Starting at the line that contains "Burgundy i've got" and stopping at the line that contains "Tiny Hoops Gold", transcribe every line of the material below exactly; pictures stay out.

Provided data START

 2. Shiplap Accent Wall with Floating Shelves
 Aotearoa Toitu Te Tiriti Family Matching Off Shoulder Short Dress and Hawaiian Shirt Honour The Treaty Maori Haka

Provided data END
Provided data START

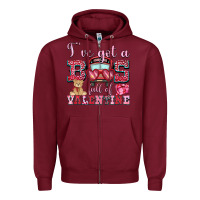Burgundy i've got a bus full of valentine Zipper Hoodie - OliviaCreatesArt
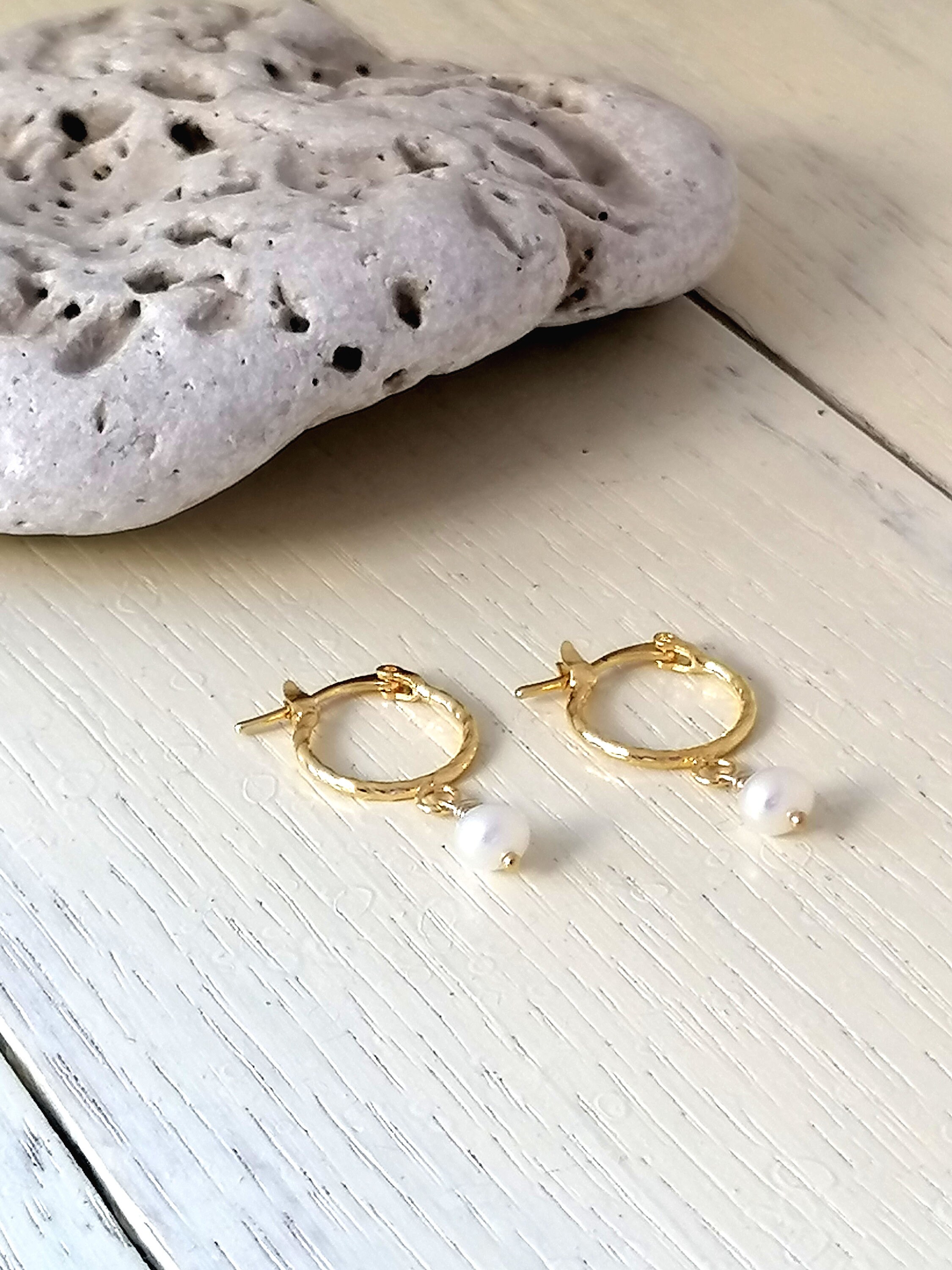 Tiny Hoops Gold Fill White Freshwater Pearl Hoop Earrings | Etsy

Provided data END

▶ [Output of the task]:
Burgundy i've got a bus full of valentine Zipper Hoodie - OliviaCreatesArt
 Tiny Hoops Gold Fill White Freshwater Pearl Hoop Earrings | Etsy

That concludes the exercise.